With CPDC 2025, our goal is to develop models capable of performing both functions effectively within a single framework.

In CPDC 2023 Task 1, we held a competition focusing on human-like response generation. For CPDC 2025, we are expanding this challenge by designing personas and actions within a game world, aiming to facilitate dialogues that incorporate context, knowledge, and, in some cases, task execution.

This year, the challenge consists of three tasks:

  • Task 1: Task-Oriented Dialogue Agents
  • Task 2: Context-Aware Dialogue Agents
  • Task 3: Integrating Contextual Dialogue and Task Execution 

Each of the three tasks has an independent leaderboard and separate prize pools. Participants can submit to Task 1 or Task 2 individually, but submitting to Task 3 will automatically evaluate the model across all three tasks and leaderboards. We encourage participants to aim for a model that can engage in natural, human-like conversations while executing necessary tasks.

Additionally, each task has two tracks:

  • GPU Track: Allows participants to explore their own methods with any model
  • API Track: Requires participants to compete using the same API, with only prompt adjustments

Each track has its own prize pool, so we encourage you to participate in both.

Participants can use any training data of their choice.

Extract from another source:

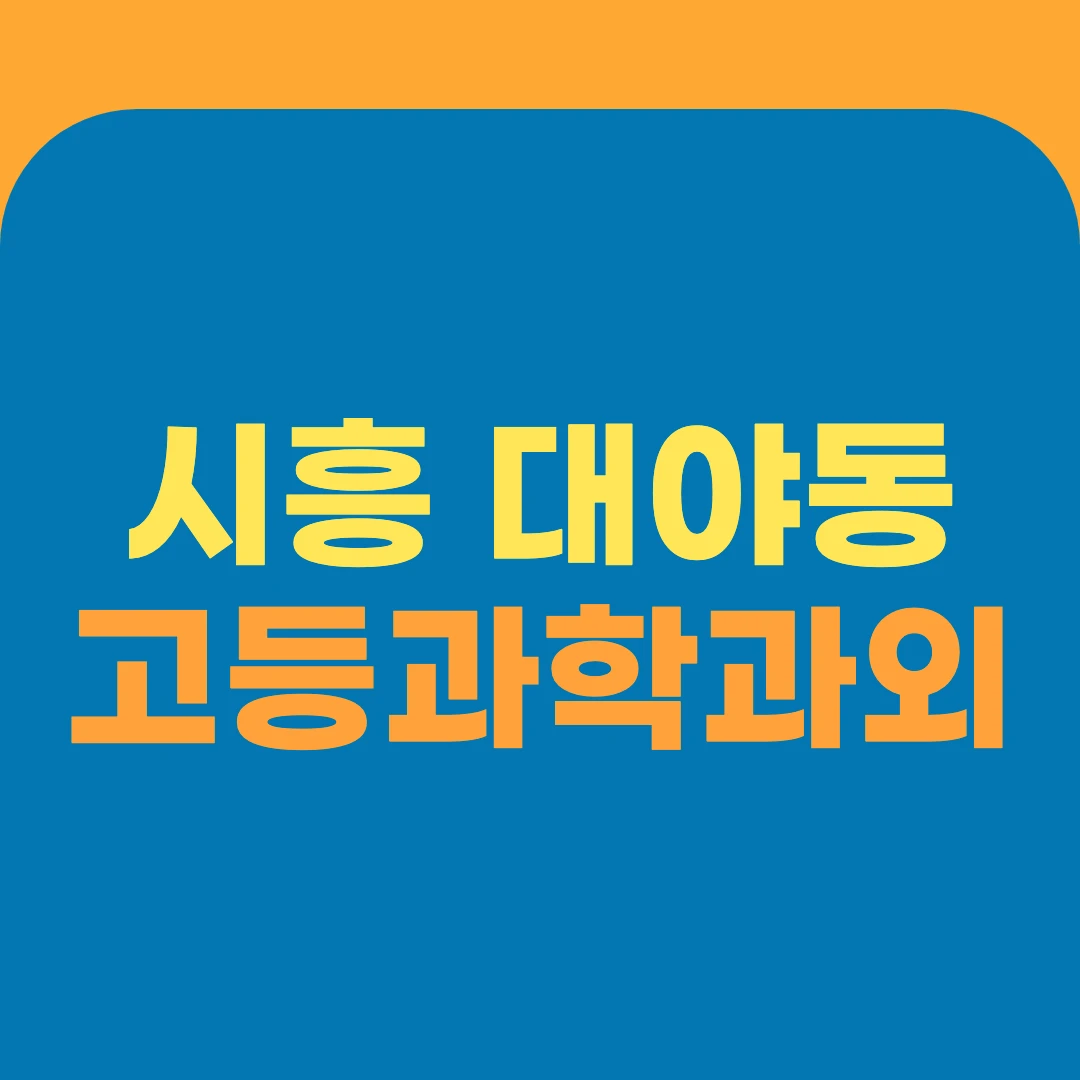 시흥 대야동 고등과학과외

Additionally, we will provide a small amount of reference training data for Task 1 and Task 2. For any of Tasks 1 to 3, participants will submit a dialogue response generation system. While the format of the evaluation data will remain the same across tasks, the content of the evaluation data (i.e., the interlocutor’s intentions and the resulting conversation flow) will differ. Models must appropriately engage in conversation and perform actions based on their interlocutor’s needs.

📑 The Task

Task 1: Task-Oriented Dialogue Agents

Participants will submit a dialogue response generation system. A training dataset for Task 1 will be provided, but its use is optional. Participants can also use any other dataset for training. Additionally, to help understand the nature of the task, we will provide a baseline model that can be tested with the provided training data. Please refer to it in the starter kit. 

The submitted systems will be evaluated using dialogue datasets based on personas and roles within the game. The evaluation data will include persona and worldview information as common information, along with available function definitions and role-specific knowledge. Participants will use this information to call functions when necessary and may use the results of these function calls to generate responses.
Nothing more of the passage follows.